Engineering is a profession that is based on tradition. When you become an engineer, you are becoming a part of a group of professionals who are expected to uphold a certain level of excellence. The iron ring is an embedded part of the profession and engineers wear it today as a reminder of their professional obligation and the potential repercussions when a job is not completed up to professional standards.
Here is a brief overview of the story behind the iron ring:
the origins of the iron ring
The iron ring is a tradition created by Canadian engineers. Its roots date back to 1922. It began when a group of Montreal engineers got together to create a code of ethics for the profession. To date, over 500,000 engineering graduates have attended a ritual ceremony.
The ring has long been rumored to have been created in response to the collapse of the Quebec Bridge that cross the Saint Lawrence River.

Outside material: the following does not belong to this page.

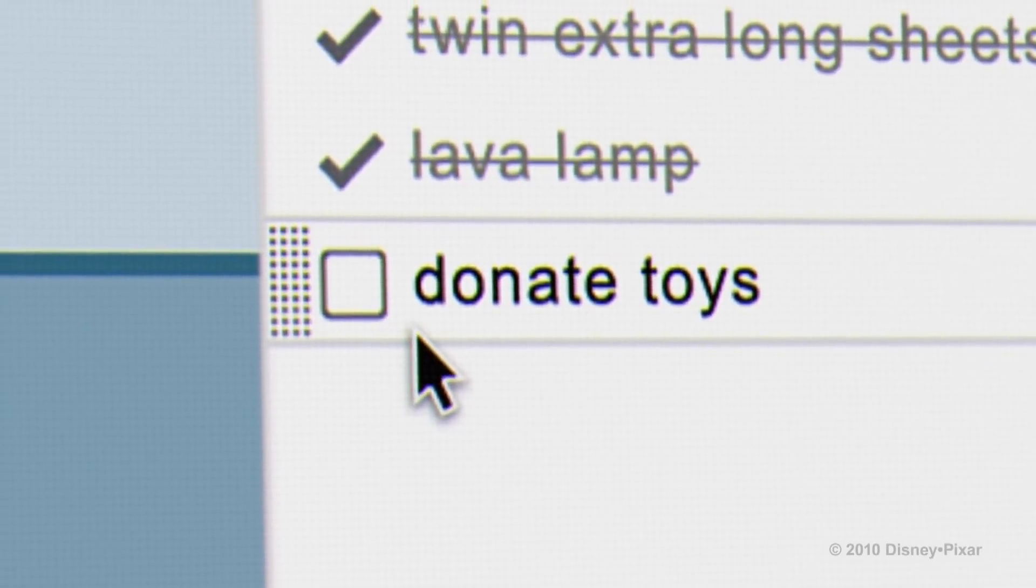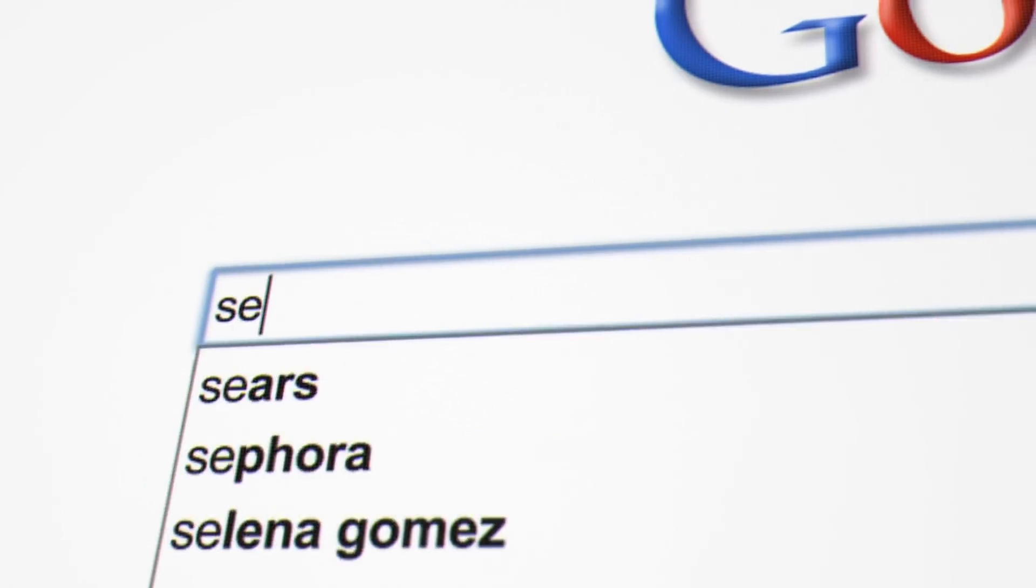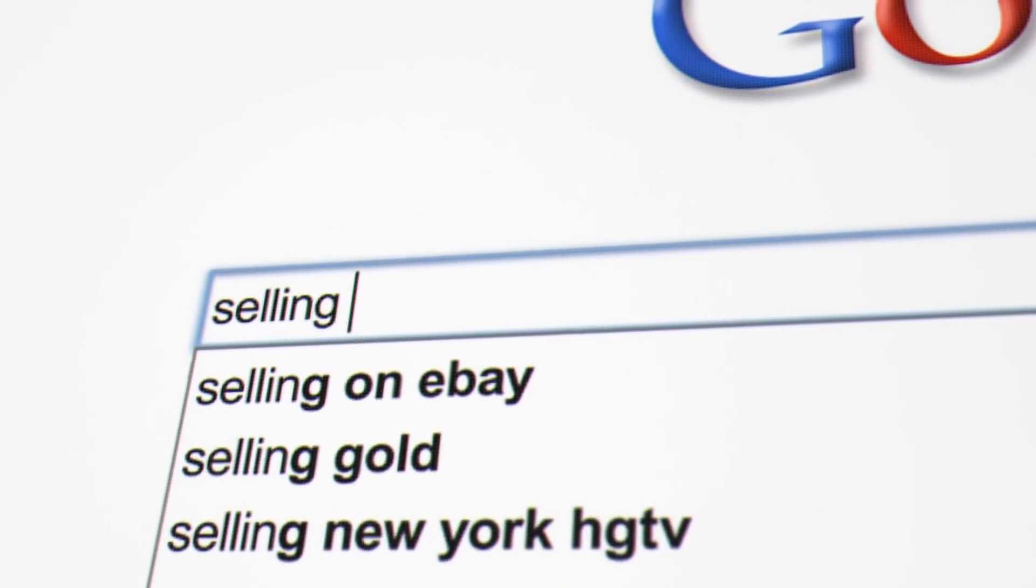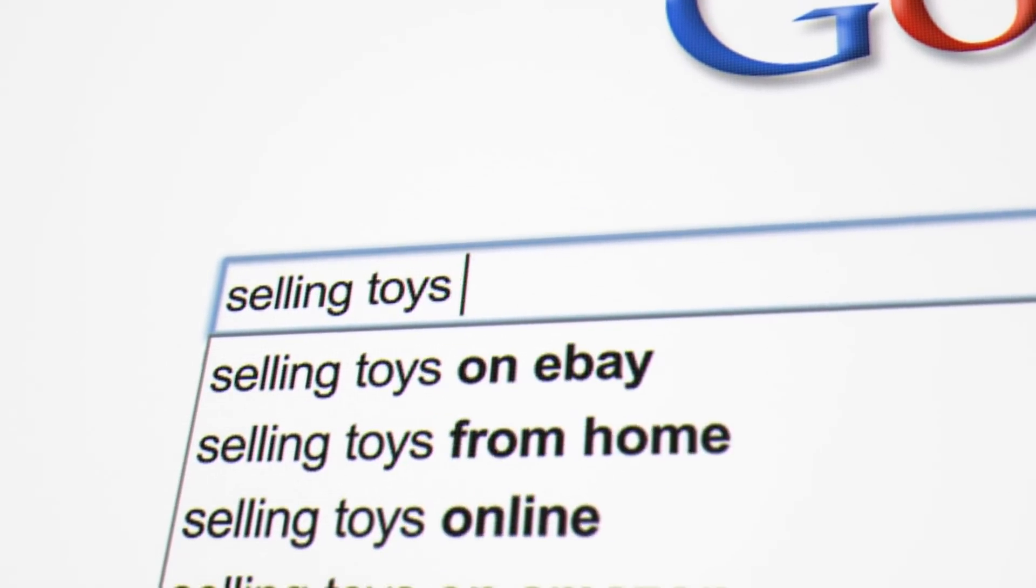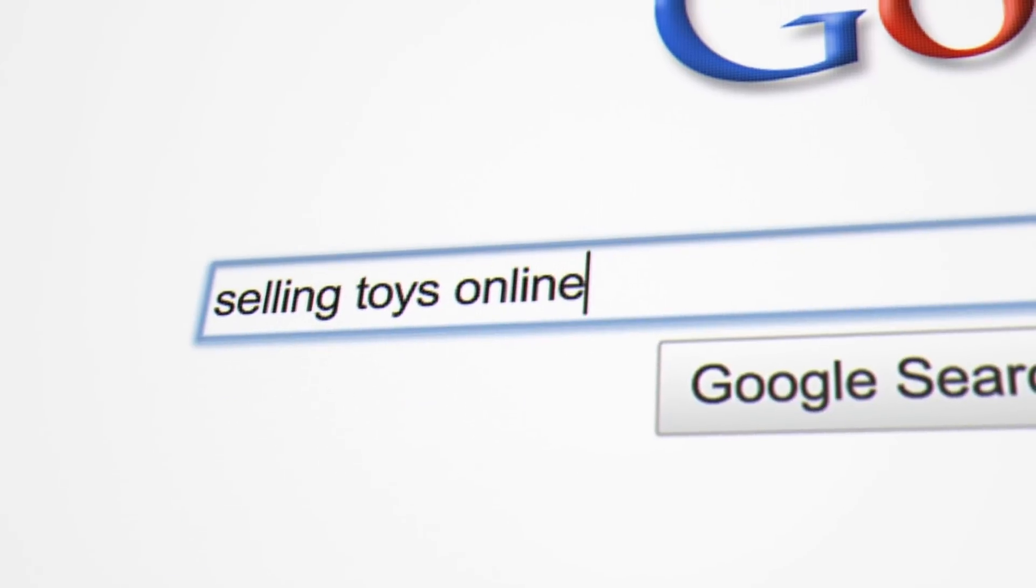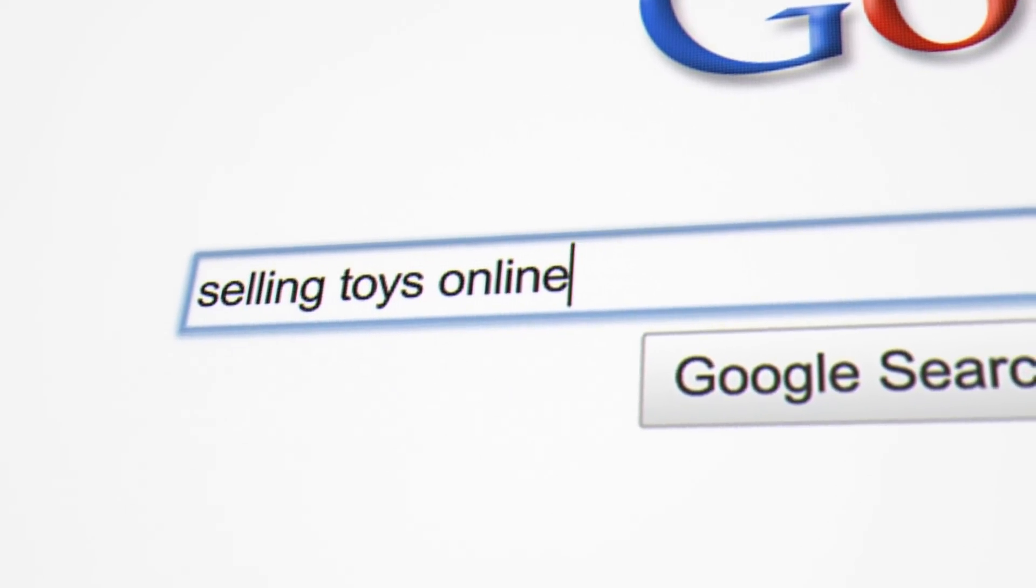Buzz, we're getting thrown away! No, no one's getting thrown away. Come on, let's see how much we're going for on eBay. Wrangler! Wrangler!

It collapsed twice and claimed 88 lives. The ring symbolizes the responsibilities that engineers have. The ring itself is made of stainless steel or iron.
the ritual of the calling of an engineer
In Canada, once you receive your engineering degree from an accredited university, you are then invited to a private ring ceremony which is called the ritual of the calling of an engineer. During the ceremony, all new engineers are given an iron ring as a symbol of becoming part of the profession.

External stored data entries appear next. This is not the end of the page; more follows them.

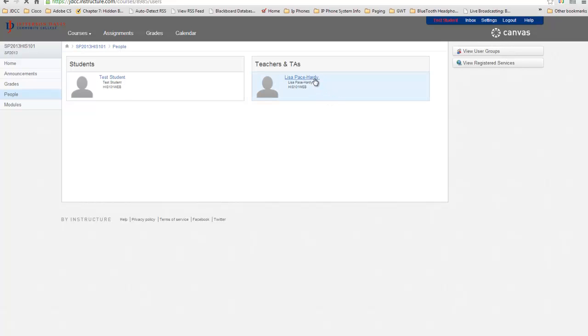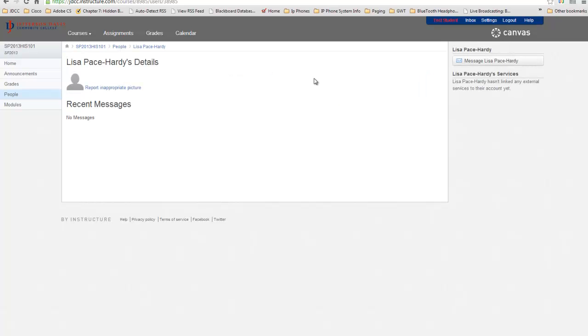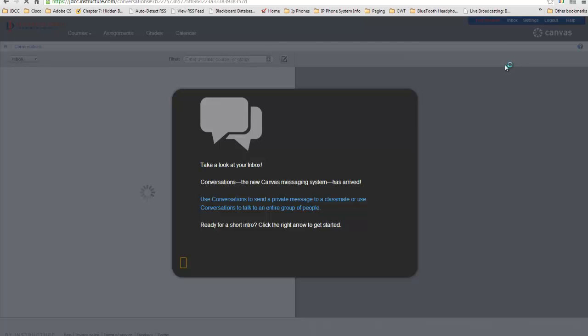To contact your instructor directly within the course, click on the instructor's name, and in the top right of the instructor's profile, click on the message button.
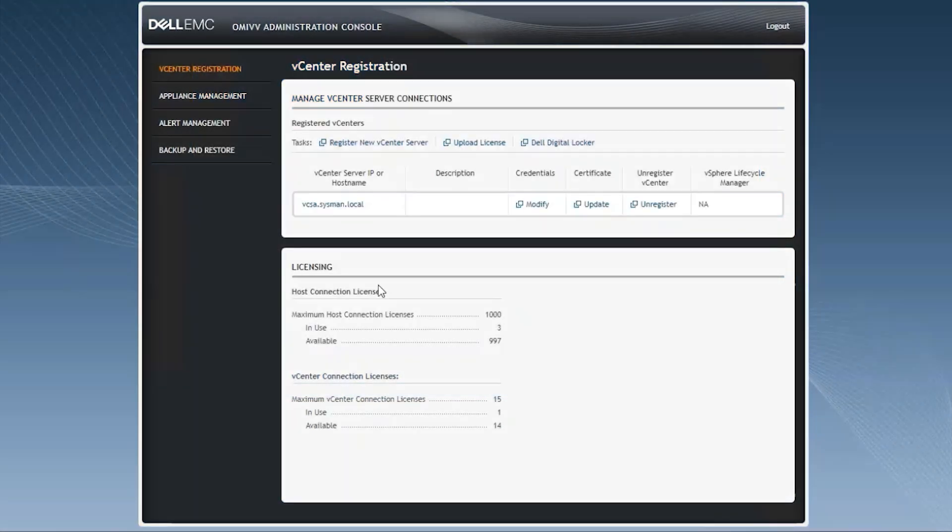Hello. Welcome to the Systems Management OMIV video series. In this video, we will talk about how to export a log from the OMIV Administration Console and from the plugin inside vCenter.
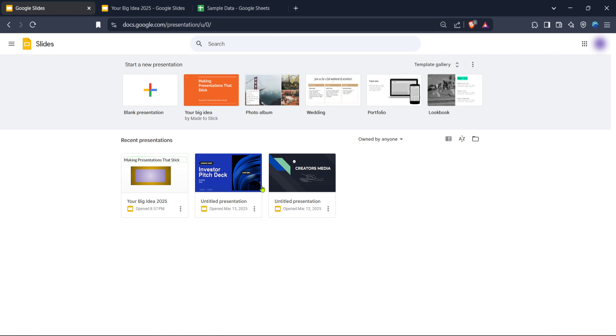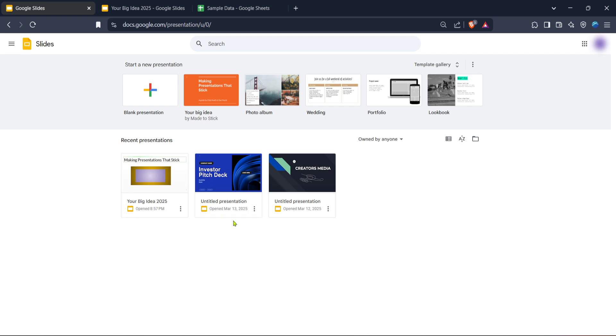First open your preferred web browser and navigate to Google Slides. If you're not signed into your Google account you'll need to do so before proceeding. This is crucial because only through signing in can you access your presentations and make the necessary adjustments. Once you're logged in you'll arrive at the Google Slides homepage where you'll see your recent presentations as well as options to start a new one.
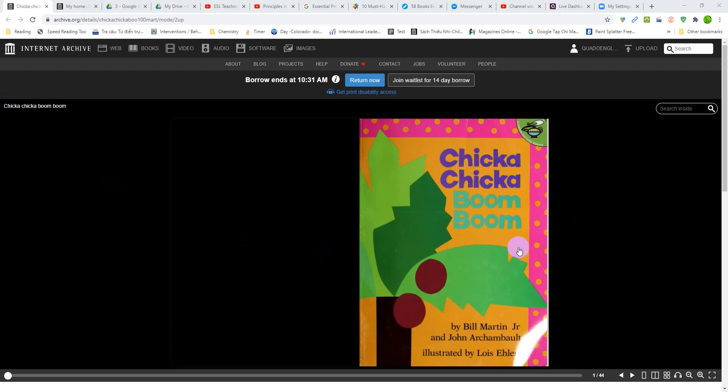Chica Chica Boom Boom by Bill Martin Jr. and John R. Cabot, illustrated by Louis L.M.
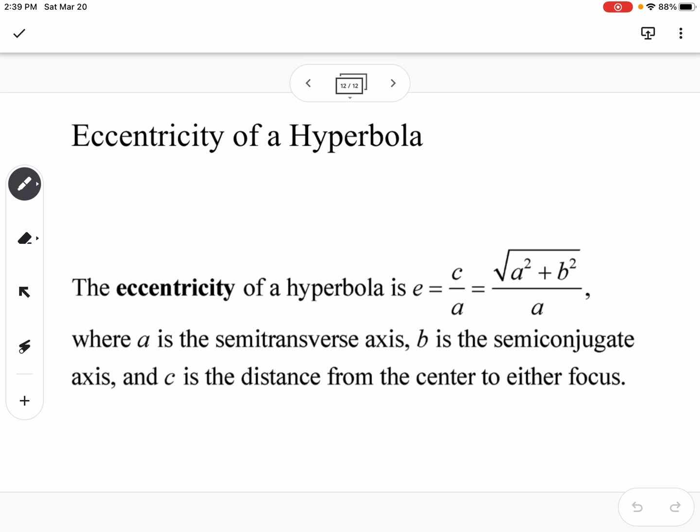The eccentricity of a hyperbola is C/A, where A is the semi-transverse axis, B is the semi-conjugate axis, and C is the distance from the center to either focus. That covers everything about hyperbolas.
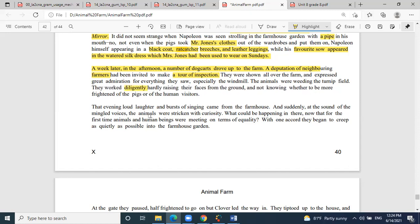Not one animal even raised his face from the ground — a sense that the animals are broken, too afraid to even look up. They were frightened of both the pigs and the human visitors and didn't know who to fear more. This is George Orwell's way of saying the pigs and humans are becoming one — the farm animals can no longer tell the difference between their pig rulers and the human farmers.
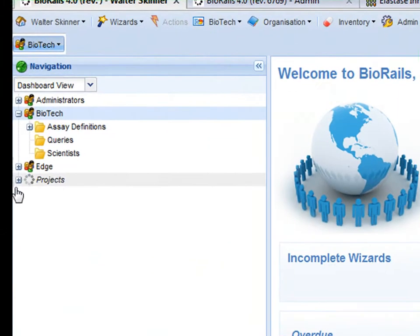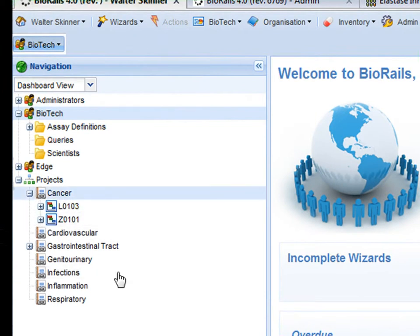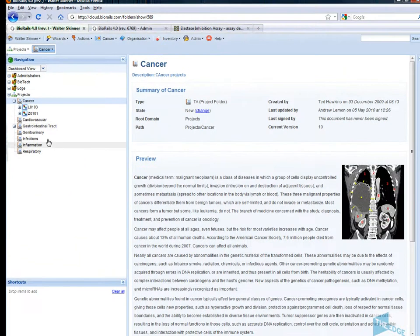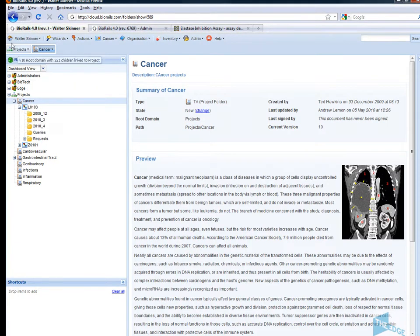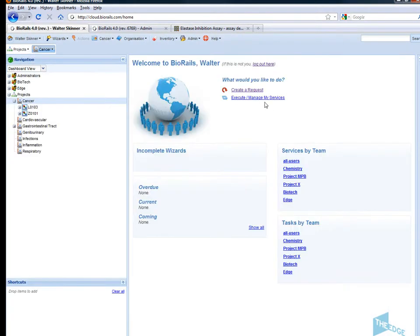I'm working in one of these drug discovery projects. In this case I'm working under the cancer therapeutic area and I'm working on the project L0103. First thing I'm going to do is create a request.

The tradition dates back to 1925. The first ceremony was held at the University Club of Montreal. The idea was derived from University of Toronto professor, H.E.T. Haultain. He convinced the Engineering Institute of Canada there was a need for a ceremony for established engineers to welcome new graduates into the profession.
The ceremony is still done today by The Corporation of the Seven Wardens Inc. (Société des Sept Gardiens inc.) through regional branches, or camps. These are universities. In total, there are 27 camps across the country. There are 6 in Montreal and 4 in Toronto. There are also 3 in Quebec City and 3 in Vancouver. To commemorate its 75th anniversary, a stamp was issued in 2000 and circulated in Canada.

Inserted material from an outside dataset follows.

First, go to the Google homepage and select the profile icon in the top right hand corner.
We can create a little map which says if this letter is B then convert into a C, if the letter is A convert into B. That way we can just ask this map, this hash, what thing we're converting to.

This tradition has also been adopted in the United States by the Order of the Engineer. They started using the tradition in 1970. Although, the US ring has a different design.
So, the next time you see an engineer and notice the iron ring on their pinky finger, you will know why they are wearing it.
a call to modernize - Seven Wardens to review the ritual of calling of an engineer
Canada has changed a lot since the ritual of the calling of an engineer was first introduced. The country, and the engineering profession, have become much more diverse and inclusive. There have been calls for greater transparency regarding the ceremony and its participants.
There are calls to “include engineers who have been excluded from and negatively impacted by the existing ceremony (Indigenous people, women, people of colour, newcomers to Canada, gender diverse folks, and other minority groups) in the re-envisioning process,” says a group of engineers and engineering educators to the Seven Wardens, and Wardens from across Canada.
Engineers Canada has offered its support to a group of engineers and engineering students, faculty, university administrators, alumni, and iron ring wardens who are calling for the Iron Ring Ceremony to be ‘retooled’ in ways that reflect contemporary engineering responsibilities and values.
At the June 2022 Canadian Engineering Education Association Conference, a roundtable discussion occurred, and those in attendance agreed change was needed. There is a call for the Corporation of the Seven Wardens to implement:
- A re-envisioned Iron Ring ceremony
- A commitment to accountability and transparency
- Reduce potential harm during the retooling process.
People within the industry continue to advocate for changes to the Iron Ring Ceremony and to broader engineering culture, and they have continued to receive messages of support. The group supporting change believes now is the time to modernize.
“Given that 2022 marks the centennial of the creation of the Ritual, and 2025 the centennial of the first ceremony, we believe that now is an opportune time to revise the ceremony so that it will continue to hold meaning for generations of engineers to come.”
This is one of the many steps being taken to make the engineering profession a more inclusive, diverse, and attractive career for ALL Canadians.